Гостеприимством его я очарован. Великий писатель водил меня по саду, много говорил о матери-природе. Он долго расспрашивал меня о личности моего отца. Интересовался его жизнью и с добрым чувством вспоминал некоторые тезисы его теории. Толстой не раз подчеркнул свою солидарность в вопросах о земле с моим отцом Генри Джорджем. Знакомясь с мнениями Толстого о некоторых явлениях нашей духовной жизни, я убедился в широкой терпимости русского гения и в полном отсутствии прозелитических стремлений. И, как мне кажется, влияние его на крестьян объясняется только личным обаянием, но никак не горячей проповедью его учения".

В этих последних словах отразилась вся психология американца. При всем своем безграничном уважении ко Л. Н. он не может допустить, чтобы "дикие", анархические идеи Л. Н-ча могли влиять на народ.

Прощаясь со своим гостем, Л. Н. сказал ему:

-- Мы с вами не увидимся больше; скажите, какое поручение даете вы мне на тот свет для вашего отца.

-- Скажите ему, что я продолжаю его дело. -- отвечал Джордж.

Л. Н. не мог удержаться от слез при этих словах своего гостя.

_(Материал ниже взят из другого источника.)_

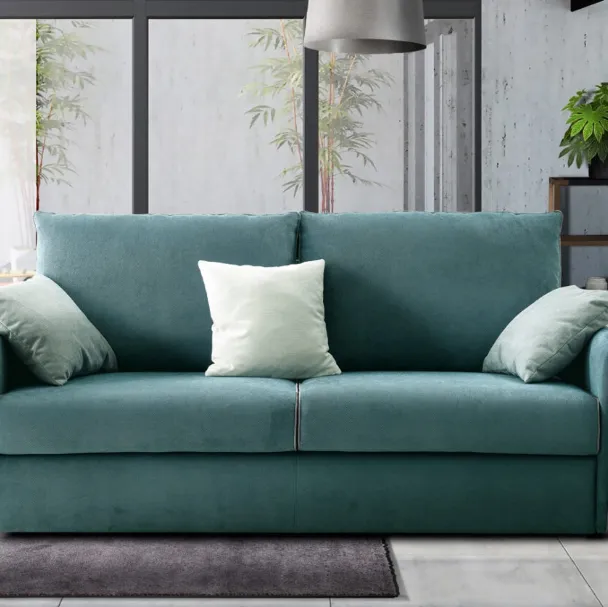 Divano lineare in tessuto con braccioli sottili Linus di Biel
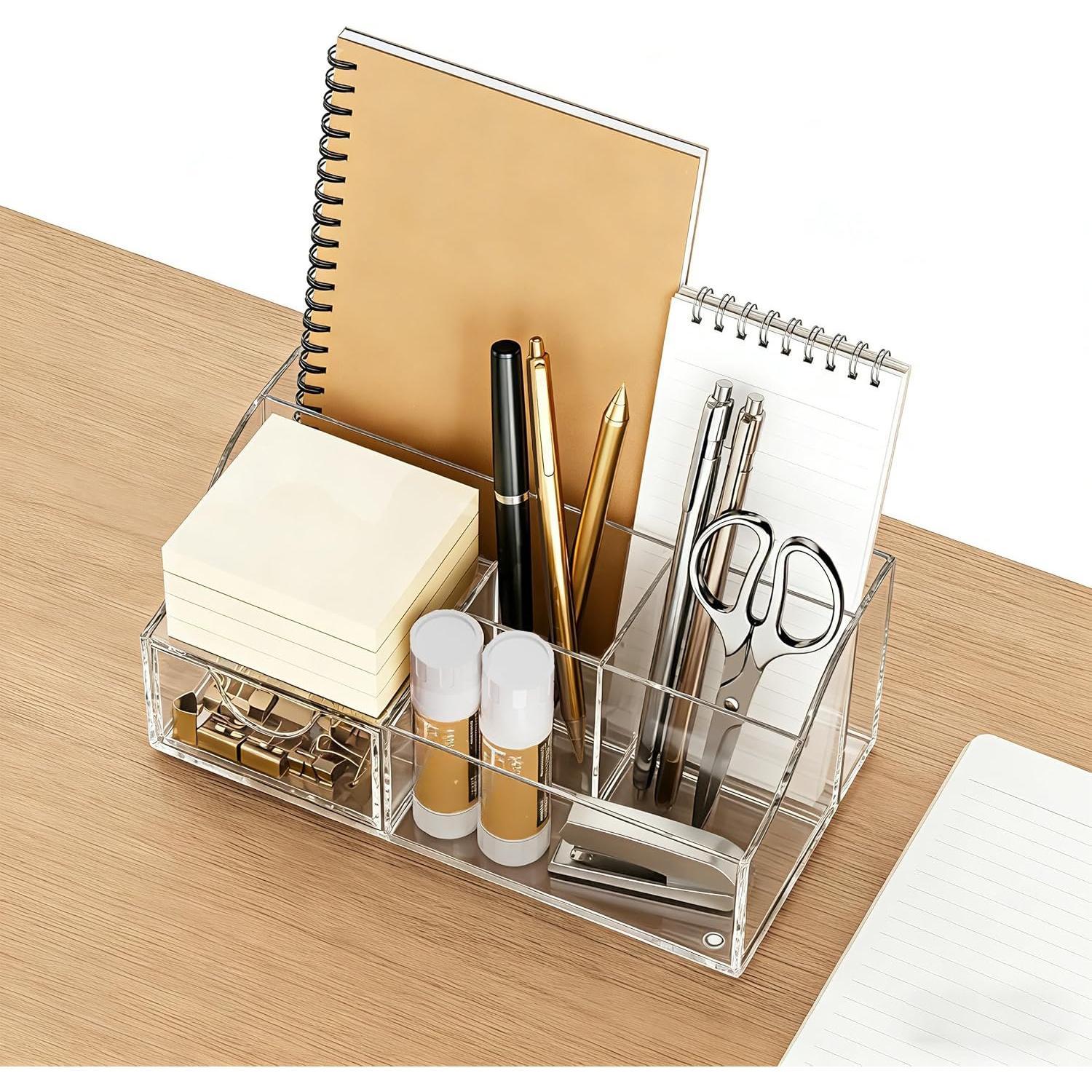 Desk Organizer with Drawer, Pen & Pencil Holder, Multifunctional Desktop  for Office  and Organization (Clear)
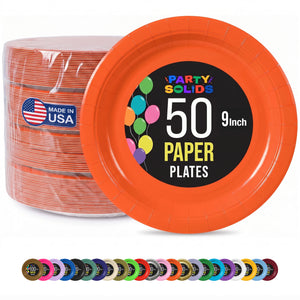 9 in. Orange Paper Plates | 50 Ct.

8 июня Л. Н. поехал к своей дочери Татьяне Львовне в их имение Кочеты и прогостил там до 3 июля.

Там он виделся со своим другом В. Г. Чертковым, которому было разрешено приехать к Сухотиным.

Живя у своей дочери, среди общего довольства и среди общего расположения к нему, Л. Н. тем не менее продолжал чувствовать всю тяжесть классового различия и записывал в своем дневнике:

"С утра в постели писал молитву Сонечке. Все нехорошо. Ничего не работалось. Читал 41 письмо с недобрым чувством. Ездил верхом. Очень устал. Главное же, мучительное чувство бедности -- не бедности, а унижения, забитости народа. Простительна жестокость и безумие революционеров. Потом за обедом Свербеева, французский язык и теннис -- и рядом рабы, голодные, раздетые, забитые работой. Не могу выносить, хочется бежать".

В этом же дневнике, писанном у Сухотиных, попадается такая замечательная мысль:

"Очень ясно, живо понял (странно сказать) в первый раз, что бога или нет, или нет ничего, кроме бога".

3 июля Л. Н. выехал обратно в Ясную и по дороге от Кочетов до станции железной дороги заехал на хутор своего друга Хрисанфа Николаевича Абрикосова.

У Л. Н-ча в дневнике есть краткая запись об этой поездке:

"Поехал 3, как решил. Был у милого Абрикосова. Таня провожала до Мценска. Поехал в 3 классе и очень приятно: жандарм и переселенцы. Те люди, с которыми обращаются, как со скотиной, а которые одни делают жизнь и историю (если она кому-нибудь интересна). Поправлял "Неизб. переворот".

По возвращении в Ясную Л. Н-чу пришлось пережить снова тяжелое испытание. Председатель международного конгресса мира, назначенного в этом году в августе в Стокгольме, прислал Л. Н-чу приглашение приехать на конгресс.

"Я поеду -- сказал Л. Н-ч Гусеву, прочитав это приглашение, -- мне хочется там ясно высказать эту несовместимость христианства с военной службой".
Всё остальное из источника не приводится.